• Yasmine El-Baz

6 Myths about public speaking!



There are a lot of misleading beliefs about public speaking and unfortunately most people fall for them, Below are some of these myths in order to avoid on your next speech:


1) The more experienced you are, the less rehearsals you'll make. When you become more experienced in public speaking and you're considered a professional speaker, you practice much more! Because simply, professional speakers tend to add new things and techniques in their performances, which means an extra need for practicing. In addition to this, the more professional you become the more responsibility you'll have and the bigger the conventions and events you'll be presenting or speaking at. A great speaker practices massively, and rehearses heavily!

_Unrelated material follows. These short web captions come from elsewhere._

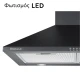 Απορροφητήρας κουζίνας καμινάδα 60cm Telemax TD0660 μαύρος με ροή 350m³/h πλάτος 60cm Απορροφητήρας κουζίνας καμινάδα 60cm Telemax TD0660 μαύρος με ροή 350m³/h πλάτος 60cm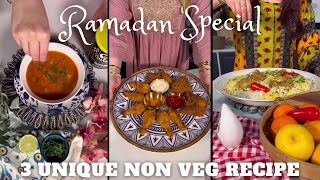 Ramadan special 3 unique non veg Turkish recipes  Halal Foods Vlogs [upl. by Ahsiatal926]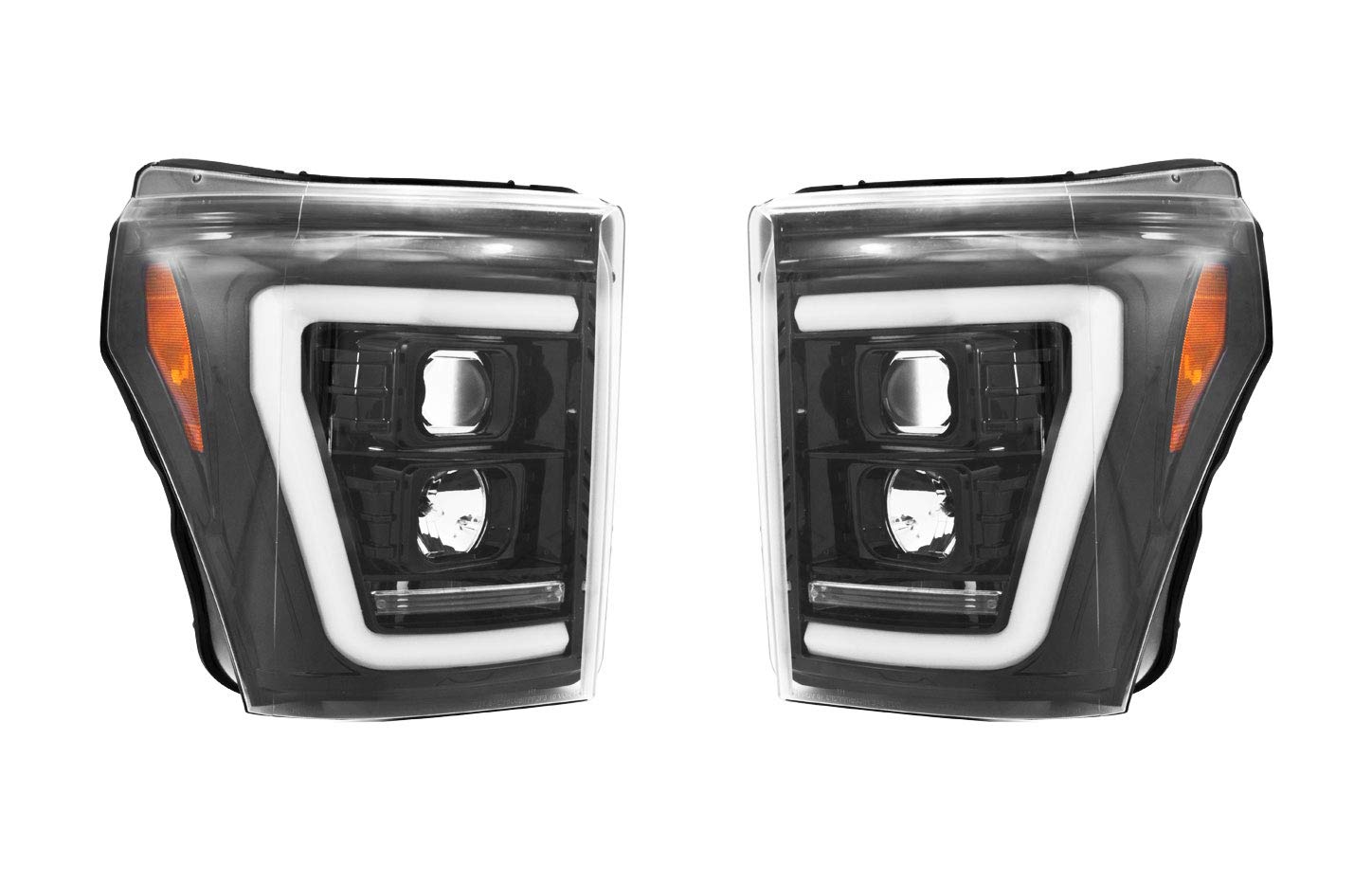 Projector Headlights Recon Truck Accessories 264272BKCS Fits Ford F-250 Super Duty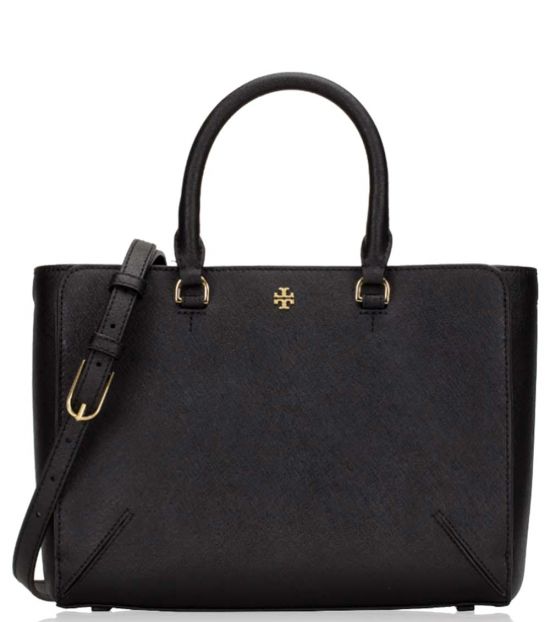 Tory Burch Black Emerson Zip Medium Tote for Women Online India at ...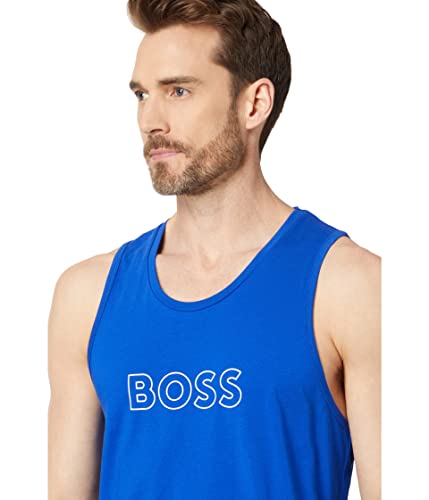 BOSS Outline Logo Cotton Tank Top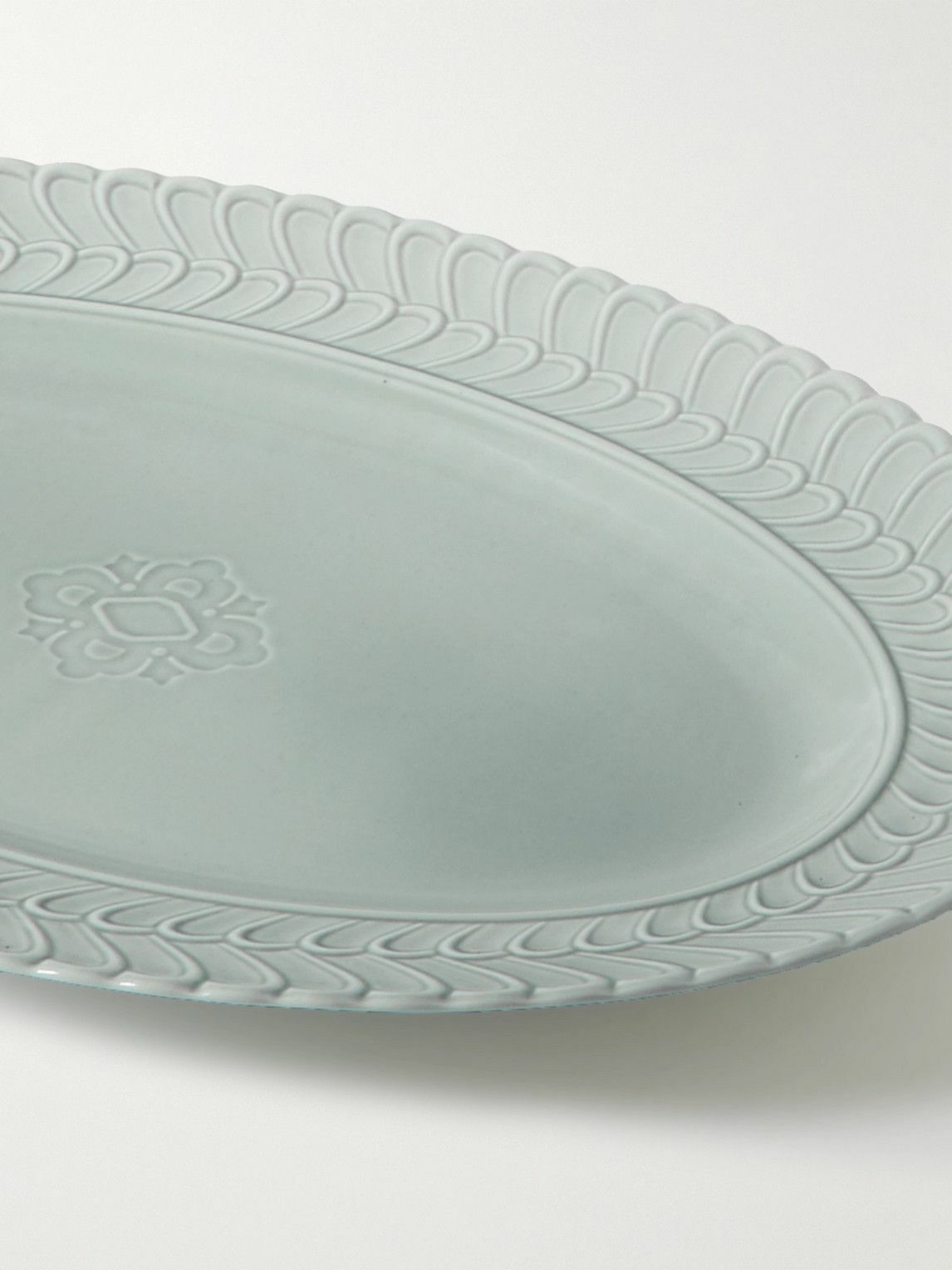 Buccellati - Double Rouche 36cm Porcelain Serving Tray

2) Giving a speech is the same as giving a presentation. Well No! Speeches are not like presentations, speeches are somehow more formal, may include few interactions with the audience, it’s mainly a one way verbal communication and doesn't include many visuals. -Examples for speeches: “CEO word at a ceremony, motivational speech at a convention or Ted talks speeches". While presentations can be two way verbal communication which means audience interaction is needed, can include many visuals “according to the content need" and can include performances. -Examples for presentations: “New product launch or technical presentations at work or college final graduation projects".

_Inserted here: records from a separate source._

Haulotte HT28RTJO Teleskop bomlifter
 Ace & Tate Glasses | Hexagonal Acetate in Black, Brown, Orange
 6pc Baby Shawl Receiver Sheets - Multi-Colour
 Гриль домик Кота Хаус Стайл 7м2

3) The more jokes I tell, the more people will love my speech! Adding a joke inside your speech is a good idea, but adding too many jokes or having a very long humor part can be also dangerous! There's a fine line between being amused and getting bored of it, you have to move fast after your joke effect appears on the audience. Move fast before people get bored and feel the joke has become silly! Of course this doesn't apply on humorous speeches, as their main theme is humor, but you have to pay attention to the way you organize such kind of speeches.


4) You should never use notes. Personally, I usually recommend using notes, as it shackles hands' movement, but it's okay to use small notes "with the size of your hand palm" if it's a very long speech, and you can look at it 3 to 4 times as maximum. When you look at your notes, you should never look at them as if you forgot something, you can simply take a small glimpse when moving from one point to another while speaking, because if you looked at them at one of your pauses, people will concentrate with your notes, and a needles spotlight will fall over them! Of course, I would always suggest to lose using notes when you get more convenient with the stage.


5) The more you move, the more professional you'll look. The way you stand and the way you move are of the most important things in public speaking, but too much movement can distract your audience from what you're saying and if not done right, it can even show your nervousness! Accordingly, you have two options, you can either stand still with a straight back stand, if you are not used on moving, or to move smoothly between a part and another, then take a pause ,stop , then move again. Make your movements natural ones and related to your speech content.


6) I should wear something appealing. People are there to hear you, not to check out how great you looked in that dress or in that suit. I personally usually wear something comfy, modest "according to the event type of course", and without too many accessories, You'll want people attention to fall upon your powerful words and gestures not on your shiny bracelet or amazing heels!